Summary
The Hartford Financial Services Group, Inc. (HIG) reported a strong first quarter for 2019, with net income available to common stockholders increasing by 5% to $625 million compared to the same period in 2018. This growth was primarily driven by improved results from continuing operations, including a significant swing from net realized capital losses to gains, lower disability loss ratios, and reduced expenses in the Group Benefits segment. Property & Casualty (P&C) operations saw a slight increase in written premiums, though the combined ratio deteriorated due to higher loss and expense ratios. Investment income also rose, driven by higher invested asset levels and favorable reinvestment rates. The company announced a $1 billion share repurchase authorization and continues to progress towards the acquisition of The Navigators Group, Inc., expected to close in the second quarter of 2019. Management highlighted the favorable impact of tighter credit spreads and lower interest rates on the investment portfolio's valuation.

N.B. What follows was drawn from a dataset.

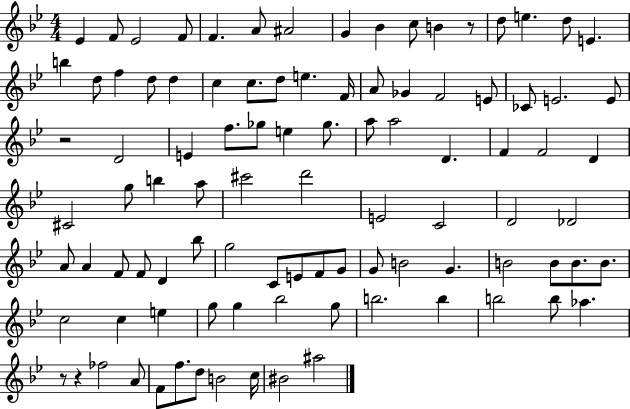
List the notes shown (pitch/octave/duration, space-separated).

Eb4/q F4/e Eb4/h F4/e F4/q. A4/e A#4/h G4/q Bb4/q C5/e B4/q R/e D5/e E5/q. D5/e E4/q. B5/q D5/e F5/q D5/e D5/q C5/q C5/e. D5/e E5/q. F4/s A4/e Gb4/q F4/h E4/e CES4/e E4/h. E4/e R/h D4/h E4/q F5/e. Gb5/e E5/q Gb5/e. A5/e A5/h D4/q. F4/q F4/h D4/q C#4/h G5/e B5/q A5/e C#6/h D6/h E4/h C4/h D4/h Db4/h A4/e A4/q F4/e F4/e D4/q Bb5/e G5/h C4/e E4/e F4/e G4/e G4/e B4/h G4/q. B4/h B4/e B4/e. B4/e. C5/h C5/q E5/q G5/e G5/q Bb5/h G5/e B5/h. B5/q B5/h B5/e Ab5/q. R/e R/q FES5/h A4/e F4/e F5/e. D5/e B4/h C5/s BIS4/h A#5/h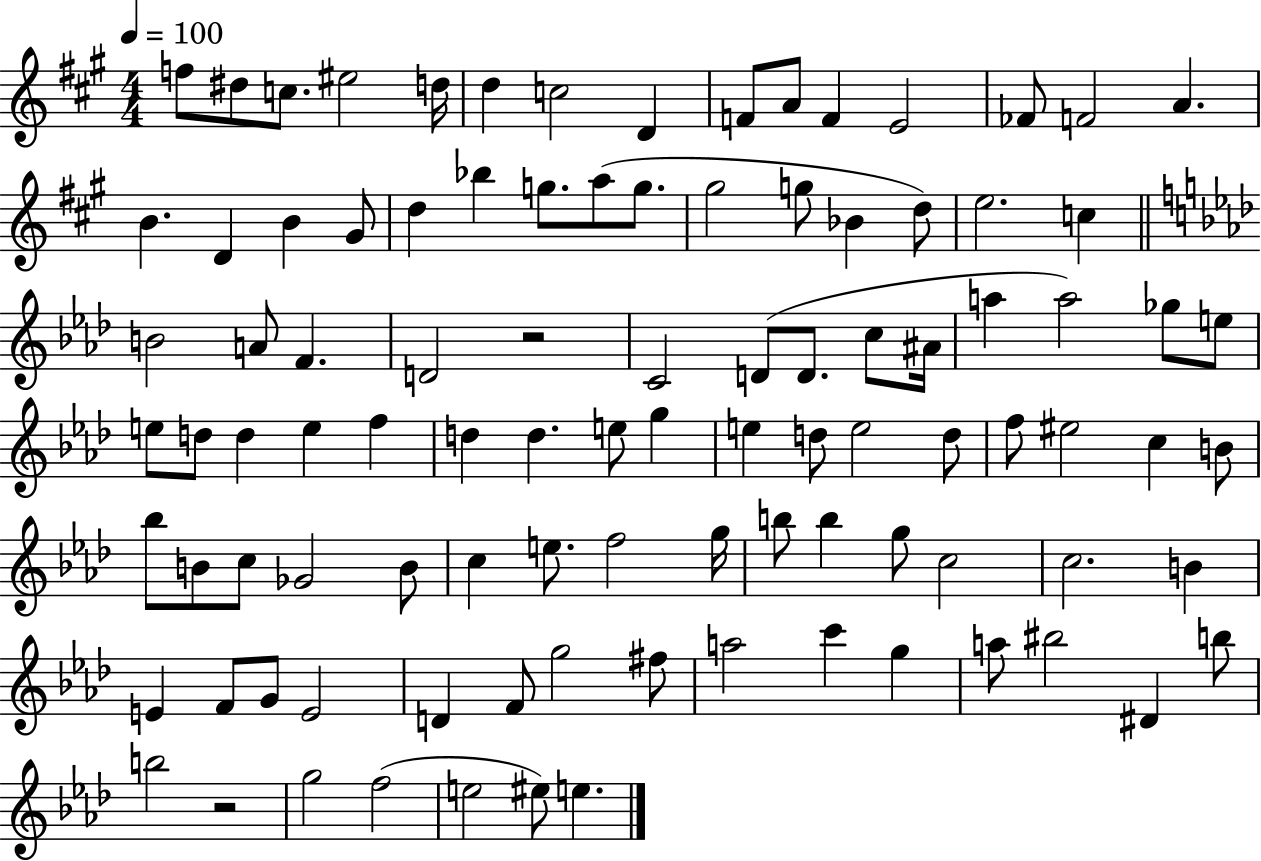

Overall, The Hartford demonstrated solid financial performance in the first quarter of 2019, with a focus on enhancing shareholder value through strategic acquisitions and capital returns, while navigating a generally stable operating environment.
Financial Highlights
35 data points| Revenue | $4.94B |
| Operating Expenses | $1.05B |
| Operating Income | $630.00M |
| Interest Expense | $64.00M |
| Net Income | $630.00M |
| EPS (Basic) | $1.74 |
| EPS (Diluted) | $1.71 |
| Shares Outstanding (Basic) | 360.00M |
| Shares Outstanding (Diluted) | 364.70M |
Key Highlights
- 1Net income available to common stockholders rose 5% to $625 million in Q1 2019 compared to Q1 2018.
- 2Income from continuing operations, net of tax, increased significantly by 47% to $630 million, driven by a turnaround in realized capital gains and improved Group Benefits performance.
- 3Total revenues increased by 5% to $4.94 billion, boosted by higher net investment income and a substantial increase in net realized capital gains.
- 4Property & Casualty written premiums increased by 5% due to growth in Commercial Lines, though the combined ratio worsened.
- 5The Group Benefits segment saw a significant improvement in net income, driven by a lower disability loss ratio and favorable prior year development.
- 6The company announced a new $1.0 billion share repurchase authorization, demonstrating a commitment to returning capital to shareholders.
- 7The acquisition of The Navigators Group, Inc. is on track to close in Q2 2019, with a reinsurance agreement in place to mitigate reserve development risk.